In its submission to the federal parliamentary inquiry into the implications of removing refundable franking credits, lobby group National Seniors says its membership believes the policy betrays retirees’ core values of self-reliance and self-sufficiency.
It has urged the federal opposition to scrap the policy.
“Because the majority of self-funded retirees own shares, hundreds of thousands of people will be affected by this proposed policy,” said National Seniors chief advocate Ian Henschke.
“The policy will hurt ordinary Australians and not just the wealthiest as Labor claims.”
Mr Henschke said that, unlike Labor’s negative gearing policy, there were no plans to “grandfather” this change.
“This means seniors who, in good faith, planned for their retirement under existing rules will not be spared,” he said.
“It also discriminates against self-funded retirees and in favour of those in industry superannuation funds.”
The organisation’s franking credit submission can be found HERE
In March, just two weeks after announcing its policy on franking credit refunds, Labor leader Bill Shorten buckled to pressure, announcing that all Australians on the age pension would be exempt from the policy.
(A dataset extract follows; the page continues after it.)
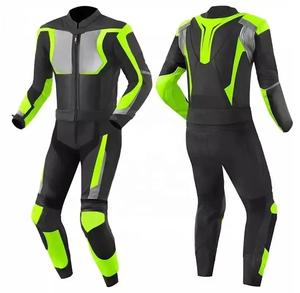 Combinaison de moto professionnelle en cuir de vachette sur mesure Combinaison de moto de course pour hommes en cuir de haute qualité - Product Image 1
The revised policy offers a complete exemption for 277,000 people on the full or part-pension and another 29,000 people on allowances such as war widows’ pensions.
What is it?
Franking, or imputation, is tax credits attached to dividends of Australian-listed companies, allowing shareholders to claim a cash refund from the Tax Office if the value of the tax credits exceeds the shareholder’s tax liabilities.
Many retirees have structured their retirement savings and investments around the tax credits and say they will face a significant drop in income if the proposal is implemented.